La prisión ideológica de la izquierda latinoamericana en el poder, por Froilán Barrios Nieves* - Runrun
La prisión ideológica de la izquierda latinoamericana en el poder, por Froilán Barrios Nieves*
A 200 años de la independencia de España, la izquierda latinoamericana no debe circunscribir el destino de Latam a una ruinosa dicotomía ideológica

 

@froilanbarriosf

A la tercera va la vencida, pensó Gustavo Petro de la triunfadora coalición Pacto Histórico en las recientes elecciones presidenciales colombianas. Y con el resultado se disparan las incógnitas en torno a si presenciaremos el déjà vu en el ejercicio del poder de sus colegas del Foro de Sao Paulo; esos que abordan el mando entre bambalinas redentoras para hundirse luego en el fango de la ineficiencia y la corrupción. Presidentes que no han logrado gestiones que impulsen el desarrollo de sus países y de América Latina.

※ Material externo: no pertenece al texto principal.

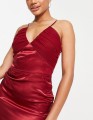 Czerwona satynowa sukienka (42)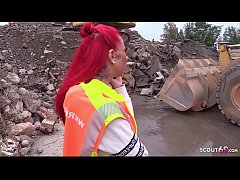  - Baustellen Arbeiter fickt rothaariges Teen bei der Arbeit ohne Kondom - German Redhead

Más allá de su singular historia descrita en el libro de Hollman Morris, Una vida, muchas vidas, la clave del mandato de Petro estribará en su capacidad de superar los manuales, los mitos, los prejuicios de una denominada izquierda que ha llevado al fracaso las gestiones presidenciales en varios países de la región. Una izquierda que defraudó así las esperanzas de progreso. En el caso de Colombia se refleja una gran participación y al mismo tiempo una población dividida y polarizada.

Entre los cursillos de adiestramiento les adoctrinaron un recetario de dogmas dirigidos al resentimiento antimperialista, al desconocimiento de la democracia burguesa, la expropiación del capital privado, la lucha de clases como fogueo del proletariado contra su «enemigo natural», la burguesía. Inculcaron un amor infinito por la madre patria soviética y china. Y también el ideal de permanencia indefinida en el poder, por ser la clase revolucionaria la destinada a gobernar. Ese era el socialismo real hasta que la URSS felizmente desapareció en 1991.

Tras la caída estrepitosa del tenebroso orden soviético, la dictadura castrista heredó el testigo de difusión del mensaje en las Américas. Allí su destino han sido las formaciones políticas en el continente; ahora en base a un discurso amortizado y con nostalgia incondicional a regímenes que convirtieron a sus países en sociedades ruinosas.

Dos vertientes de la izquierda latinoamericana

Ahora bien, en esa fauna ideológica que se agrupa en torno al Foro de Sao Paulo y el grupo de Puebla se identifican dos vertientes. Una que acepta la alternabilidad en el mando con diferentes matices, como se ha observado en Chile, Brasil, Uruguay, Argentina, Ecuador, Paraguay y Perú; y otra que se materializa en rabiosas dictaduras como Cuba, Nicaragua y Venezuela. Entre tanto está por verse el caso de México, Honduras y Bolivia y el desenlace de sus gestiones en próximas elecciones. 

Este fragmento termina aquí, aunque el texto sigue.